Masuk teams have made it to the semi-finals of their division before, as teams battled in eight divisions of around 100 teams, while competing for the world championship. Those in the semi-finals are among the top 32 teams in the world.
McDonough said the tournament includes teams from 17 countries and all 50 states.
Building fields
McDonough is the head of Event Partners, which runs the robotics competitions. On Friday, he assembled playing fields with technology teachers from Danbury High School, William H. Hall High School in West Hartford, New Canaan High School, Middletown High School and Daniel Hand High School in Madison.
“We organize everything in the state and serve as referees during competitions,” McDonough said. “We abandon the kids and they love it.”
A grant from the Robotics Education Corporation Foundation helped pay for the kits for robotics fields, equipment and a second event trailer. It covered most of the approximately $9,000 cost with the Connecticut Technology Engineering Education Association picking up the rest, according to McDonough.
Prior to acquiring the second trailer, McDonough had to use Masuk’s lone trailer to truck fields to competitions as far away as Bolton High School in Manchester, before coming back to Monroe to load up his teams’ equipment and take it back to the competition.
After competitions at other schools, he had to make more trips to bring two trailer loads of equipment and fields back to Masuk.
“I’ve been doing that for five years,” McDonough said.
Now that other schools can borrow the second trailer to bring the fields to competitions, he is only responsible for Masuk’s equipment. McDonough said it saves him significant time on the road.
Working on robots
In a classroom at Masuk, Anthony Giordano, Bhutan Hospet and Michael Pietro, three Jockey Hollow Middle School eighth graders on team number 8878A, worked on their robot.

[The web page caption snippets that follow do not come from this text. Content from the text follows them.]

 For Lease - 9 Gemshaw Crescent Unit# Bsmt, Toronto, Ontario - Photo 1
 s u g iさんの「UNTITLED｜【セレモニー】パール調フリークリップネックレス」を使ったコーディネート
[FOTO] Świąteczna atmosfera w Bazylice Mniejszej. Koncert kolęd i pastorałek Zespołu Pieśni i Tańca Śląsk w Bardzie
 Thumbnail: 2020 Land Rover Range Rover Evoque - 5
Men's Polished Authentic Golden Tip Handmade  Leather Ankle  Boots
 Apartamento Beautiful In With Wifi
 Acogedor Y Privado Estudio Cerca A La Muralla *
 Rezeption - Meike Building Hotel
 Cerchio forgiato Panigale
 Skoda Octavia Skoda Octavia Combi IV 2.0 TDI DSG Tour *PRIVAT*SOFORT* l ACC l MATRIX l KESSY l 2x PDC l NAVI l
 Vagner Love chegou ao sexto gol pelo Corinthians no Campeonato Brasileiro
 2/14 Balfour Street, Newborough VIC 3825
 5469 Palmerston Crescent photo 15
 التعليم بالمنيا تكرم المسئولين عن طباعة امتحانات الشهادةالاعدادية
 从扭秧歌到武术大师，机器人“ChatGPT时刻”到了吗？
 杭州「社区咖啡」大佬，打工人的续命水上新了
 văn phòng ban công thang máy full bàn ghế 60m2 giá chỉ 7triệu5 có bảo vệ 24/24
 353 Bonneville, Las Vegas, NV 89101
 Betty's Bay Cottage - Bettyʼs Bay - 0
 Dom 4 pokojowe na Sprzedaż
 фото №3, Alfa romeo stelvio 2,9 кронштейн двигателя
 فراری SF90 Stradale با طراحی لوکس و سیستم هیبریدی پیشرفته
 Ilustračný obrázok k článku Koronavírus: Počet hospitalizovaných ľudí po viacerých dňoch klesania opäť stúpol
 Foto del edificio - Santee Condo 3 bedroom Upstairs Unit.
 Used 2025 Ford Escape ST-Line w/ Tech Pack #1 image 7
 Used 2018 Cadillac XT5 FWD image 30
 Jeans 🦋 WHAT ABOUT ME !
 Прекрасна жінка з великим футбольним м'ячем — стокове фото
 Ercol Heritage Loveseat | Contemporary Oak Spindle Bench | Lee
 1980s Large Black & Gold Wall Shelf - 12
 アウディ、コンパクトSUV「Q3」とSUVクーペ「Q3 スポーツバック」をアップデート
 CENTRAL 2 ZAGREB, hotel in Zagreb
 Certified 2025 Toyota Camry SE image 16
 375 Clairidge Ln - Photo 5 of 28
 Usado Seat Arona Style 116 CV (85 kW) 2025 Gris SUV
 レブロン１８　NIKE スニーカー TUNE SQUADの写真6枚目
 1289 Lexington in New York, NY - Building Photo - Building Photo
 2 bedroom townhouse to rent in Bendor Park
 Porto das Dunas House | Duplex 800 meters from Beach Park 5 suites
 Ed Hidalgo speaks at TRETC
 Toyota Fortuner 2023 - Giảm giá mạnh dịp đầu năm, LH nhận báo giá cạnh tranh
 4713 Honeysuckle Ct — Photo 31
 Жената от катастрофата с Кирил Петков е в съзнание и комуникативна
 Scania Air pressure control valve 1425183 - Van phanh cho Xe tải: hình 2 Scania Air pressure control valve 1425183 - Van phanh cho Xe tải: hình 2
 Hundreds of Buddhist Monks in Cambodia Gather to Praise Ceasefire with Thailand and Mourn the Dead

“We’re making additions to it,” Hospet said, pointing to a part on one end of the robot, he added, “when we raised this up, it tended to tip over, so we’re trying to fix that.”
“It’s a lot of challenge-based thinking, so you have to solve a lot of problems,” Giordano said, “and there’s a lot of teamwork.”
At another cluster of desks, Jockey Hollow seventh grader Mackenzie Hanson transcribed notes by hand from a Google.doc to a notebook her team will use at the competition.
“It talks about what we’ve done in a work session and the problems we faced and overcame,” Hanson explained.
The team, number 8878B, is nicknamed DisneyVexD
Beside her, fellow seventh grader Grace Lein and eighth grader Bryan Giordano worked on the robot. Shivani Anand, a seventh grader, used a computer to type more notes into the Google.doc.
“I like the part where we get to work with our teams to collaborate on things,” Lein said, “and I think the matches are really exciting.”
Masuk senior, Nick DeMayo, worked on a robot with junior, Josh Correll. DeMayo has been participating in robotics for six years and Correll is in his third.
“It’s neat to see what you can create and what other people can do to achieve the same objective,” DeMayo said, “and the competition part is nice. You get to see the payoff of your work.”
As students move up through the robotics program, DeMayo said the robots become more complex, making it harder to troubleshoot problems. “But there are little tricks you learn and you can troubleshoot easier,” he said.
“There’s definitely a level of confidence with it, but you cannot have an ego because you might have the world champs next to you,” DeMayo continued. “You never know what they will pull out of their back pocket.”
Correll and DeMayo were working on their robot’s sensors to give the programmer more control of it.
“We qualified in our first competition for the regional competition, so we don’t have to worry about all the changes to our robot,” DeMayo said. “We can experiment a little, trying new strategies and mechanisms with less repercussions.”